Lorsqu’un tel pouvoir qui n’est guère différent dans l’ensemble des pays occidentaux, veut imposer « la démocratie », du moins ce qu’il en comprend ou veut en faire apparaître, on va à la catastrophe. On a voulu imposer la démocratie en « pack », à l’image de n’importe quel produit de consommation courante, à l’Irak, voilà qu’il est saigné par les attentats. On a voulu imposer la démocratie en Libye, et voilà qu’on se dirige vers un pays soumis à la Charia, ce qui peut se bien passer, mais ne peut qu’inquiéter lorsqu’on sait quelques horreurs faites en son nom…

La démocratie ne se décrète pas, ne s’impose pas si elle ne veut pas se renier elle-même.
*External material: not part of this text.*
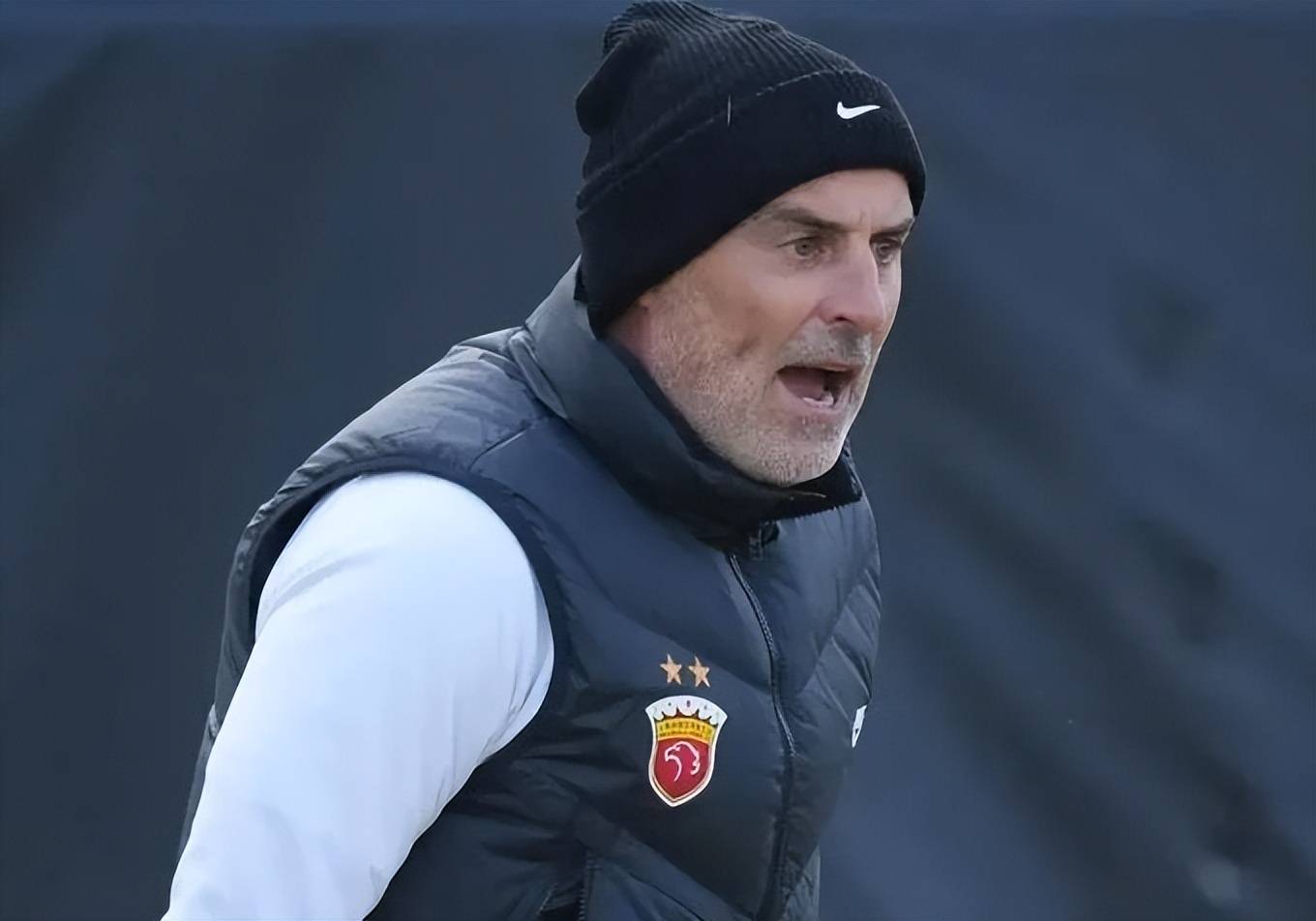 包含狼队主帅佩雷拉依旧得到球队高层支持球队本赛季战绩糟糕的词条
Elle est ou non choisie par le peuple et non pas par les dirigeants et encore moins par des pays étrangers. C’est l’échec garanti et l’installation de la violence. Et vouloir l’imposer, surtout au non-dit des intérêts économiques, à mon sens, est un crime contre l’honnêteté, contre l’humain, car cela finit toujours dans le sang.

Que nos dirigeants ne s’étonnent pas de la montée, un peu partout dans le monde de ces jeunes qui veulent porter le nom « d’Indignés ». Les jeunes, sans doute plus que la majorité des personnes un peu plus âgées, sentent combien la tromperie des pouvoirs est énorme, combien ces pouvoirs nous trompent tout en utilisant le nom pompeux de démocratie. Sans doute, le temps des révoltes approche-t-il. Trop de citoyens ont la nausée face aux mensonges des pouvoirs politiques un peu partout à la surface de la terre.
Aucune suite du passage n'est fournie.